I guess tin foil hats, like chubby dimpled thighs, are cute until 5th grade - and then you're just fat and creepy. Pity the kid who is sporting both.

Once we arrived at the playground, we left the foil hat in the car and joined our playmates and play mommies.

Some of the other moms are neighbors and I was glad to chat with them since I always feel slightly guilty and sad that I don't know them better. They seem to have their own stay-at-home clique and, as a worker-bee, I'm usually excluded.

I work from home many days, but I can see the full-timer moms are wary of committing their energies to me, sensing that I might turn on my high-heel any time, grab my briefcase and leave them high & dry on the day its my turn to host coffee.

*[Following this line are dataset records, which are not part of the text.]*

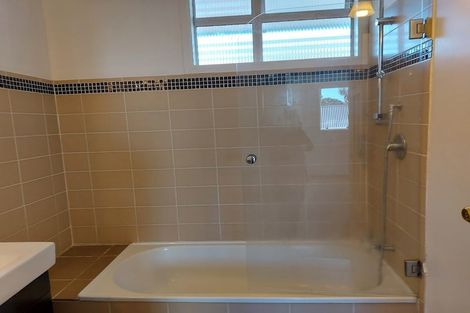Photo of property in 150 Calliope Road, Stanley Point, Auckland, 0624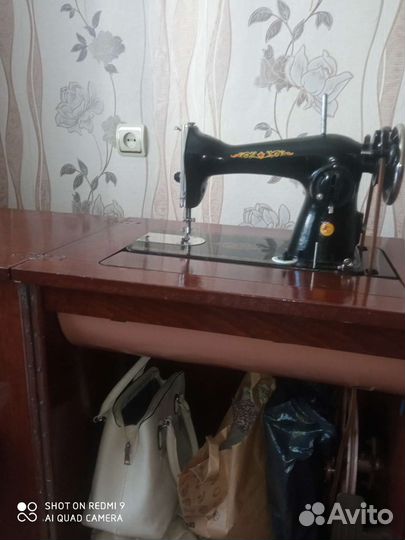 Швейная машина ножная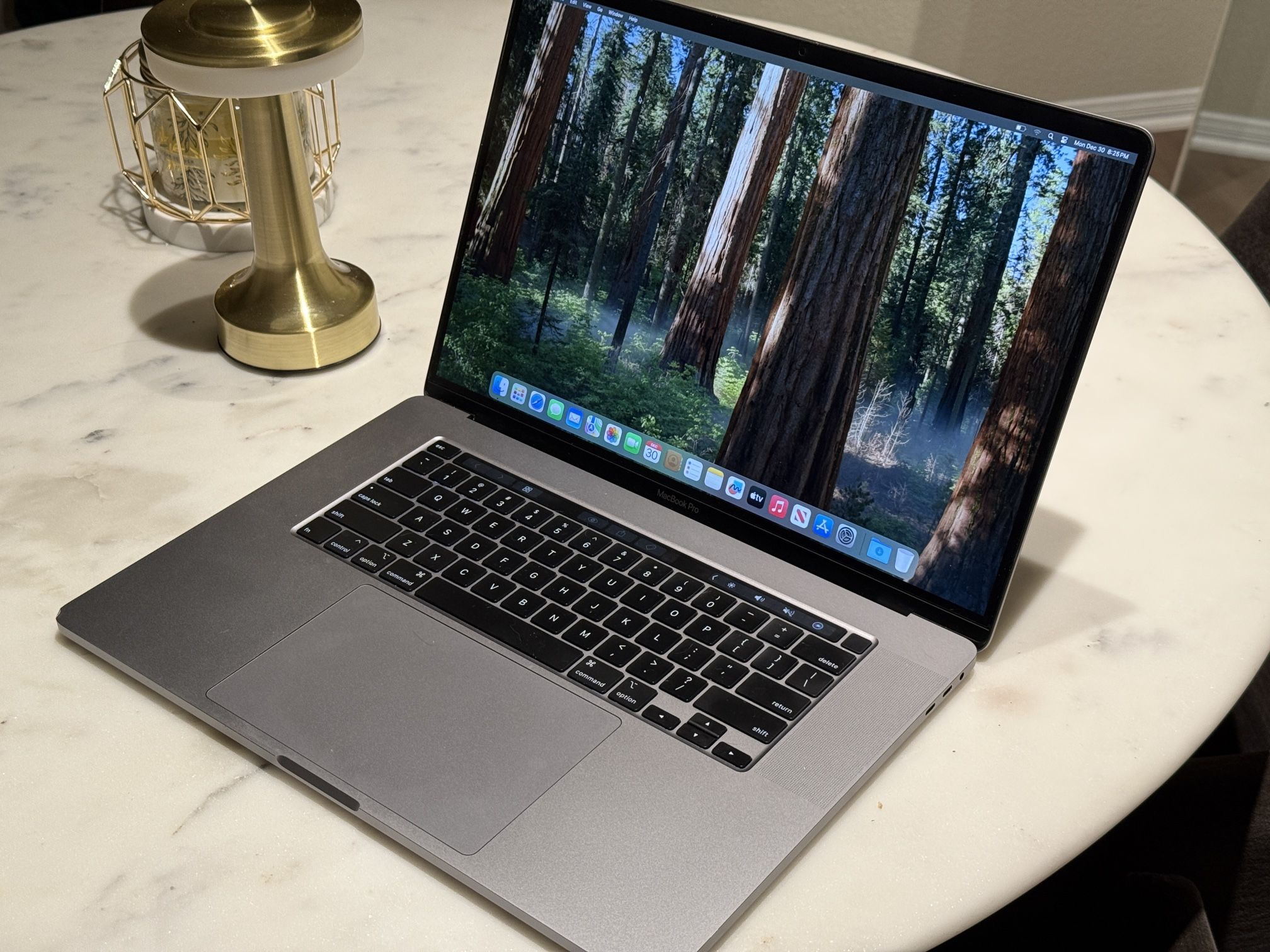 MacBook Pro 16 inch Intel i9 16gb Memory 1tb HDD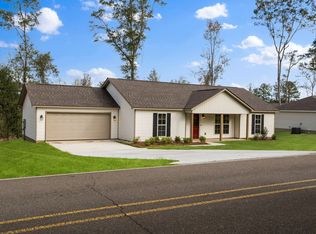 18 Ford Rd, Hattiesburg, MS 39401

They sense I'm a love 'em & leave 'em play-date player, apt to mosy on as soon as I got a better offer in a conference room with Powerpoint. True dat.

What can I say? I'm just not cut of the same cloth. I don't care that much about organic cleaning supplies, who's had BoTox, or what's on sale at the Christmas Tree Shop. OK, I totally want to know about the BoTox, but I don't know who they are gossiping about.

I don't apply the same level of energy to analyzing the first grade teachers, classroom composition or anticipating the homework amounts. FT moms think about these things ... a LOT. They apply a level of strategic thinking I've seen only on reality TV shows, and in the office. I was impressed, and yet bored. I was boredpressed.

Fortunately, there was a crisis to divert my attention. The FT moms had all thought ahead to pack coolers full of snacks and beverages. I did not. It was a 10:30 playdate -- that's between meals!

My boy was unpsyched. "I'm hungry and thirsty!" He yelled. "Ummm, you have any of that frozen pancake left in the car?" I asked. I got an eye-roll.

All around me, moms were plying their children with whole-grain crackers, fruit juice sweetened cookies, and juice boxes. I got the pity offer from a couple moms. "We have some extra, if your son needs a snack."

Instead, I whisked him off the playground to the nearby French bakery where Captain Fancypants eyed all the treats, settling on an Orangina, a Quiche Lorraine and a mini-eclair -packaged elegantly to-go.

We made quite the return entrance as Andrew marched back to the picnic table and set out his array of delights. The other kids oohed and ahhed and immediately started demanding better snacks like Andrew's. He gloried in his fancy treats while the other kids simmered and the mothers rolled their eyes.

I just shrugged and smiled apologetically and then began checking my Blackberry, like a nervous tick.

On the way home I wore the tin foil hat. Who knows, maybe the aliens are more my cup of tea.